%%

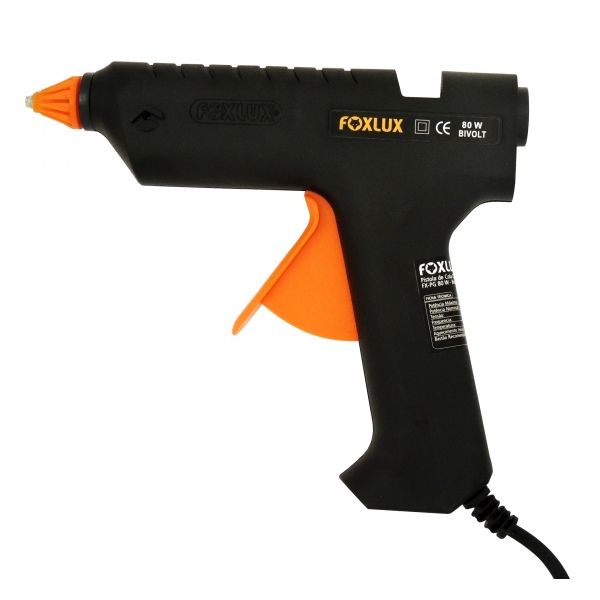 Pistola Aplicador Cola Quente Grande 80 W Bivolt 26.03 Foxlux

%%
%%

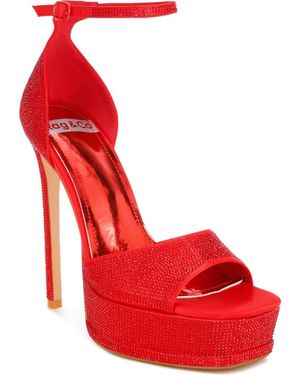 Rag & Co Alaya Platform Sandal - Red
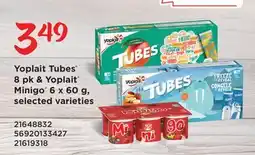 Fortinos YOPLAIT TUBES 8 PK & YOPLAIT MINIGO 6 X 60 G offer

%%

## [WORK REQUEST]
Word for word, write out the lines above running from the one with "Rag & Co Alaya Platform Sandal - Red" up to and including the one with "Fortinos YOPLAIT TUBES". Drop any picture.

## [PROBLEM SOLUTION]
 Rag & Co Alaya Platform Sandal - Red
 Fortinos YOPLAIT TUBES 8 PK & YOPLAIT MINIGO 6 X 60 G offer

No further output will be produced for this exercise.